Resenha: Radioativos
A história não costuma ser gentil com as mulheres, mesmo aquelas que deixaram um legado inquestionável. Marie Curie é uma delas. Sua vida também não foi tão gentil com uma mulher que perdeu o amor de sua vida, teve seu trabalho questionado, foi alvo da mídia e ainda precisou ver as consequências trágicas de um trabalho fantástico.
Radioativos nos conta parte dessa história e faz o que os quadrinhos fazem de melhor: com uma narrativa extremamente visual, nos suga para a vida de uma mulher que a história nunca permitiu que esquecêssemos. E nem deveríamos.
"Radioativos conta a história de Marie Curie, a física polonesa radicada na França famosa por seu trabalho com a radioatividade ― e a primeira pessoa a ganhar o Nobel duas vezes. O livro mostra sua infância, sua história de amor e colaboração científica com o marido Pierre, e a maneira como suas descobertas, que incluíam o rádio e o polônio, os envenenaram em câmera lenta.
Para as ilustrações, a autora usou um processo chamado impressão cianotipada, em que um desenho, através de um processo químico que envolve luz solar, se transforma numa espécie de negativo brilhante do original.
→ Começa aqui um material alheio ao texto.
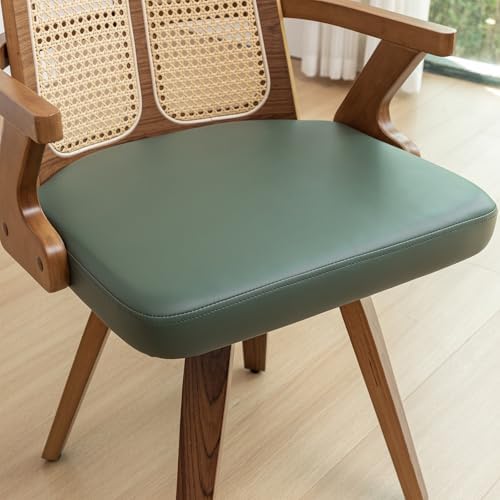 Walnut Dining Chairs - Swivel Rattan Dining Chairs with Bentwood Frame with Ergonomic Cane Back, Curved Arms, MCM Dining Chairs for Kitchen/Restaurant/Living Room/Conference (Walnut Green, Set of 2)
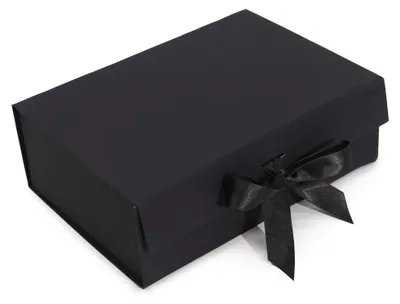 Productafbeelding van Opvouwbare cadeauverpakking met strik, 28,2 x 20,2 x 9,2 cm - Zwart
E a partir de entrevistas com cientistas, engenheiros, sobreviventes de bombas atômicas e a neta de Marie e Pierre Curie, Redniss recriou com fidelidade a atmosfera e os embates científicos da Paris fin de siècle. Com um texto extraordinário e ilustrações deslumbrantes, Radioativos é uma narrativa vibrante, uma história de amor cheia de emoção e, sobretudo, uma obra de arte perfeita."
Marie Curie segue como uma das mulheres mais importantes e notórias da história da ciência. Foi a primeira mulher na França a receber o título de doutora, a primeira pessoa a receber dois prêmios Nobel, a primeira mulher a ganhar o mesmo prêmio, foi a primeira mulher a se tornar professora na Universidade de Paris e a primeira mulher a ser sepultada por seus méritos no Panteão de Paris. Em relação à forma como ela é descrita dentro da relação com Perie, a autora diz: “ele encontrou uma mulher que não impediria suas ambições científicas, mas serviria como colaboradora, musa e guia.”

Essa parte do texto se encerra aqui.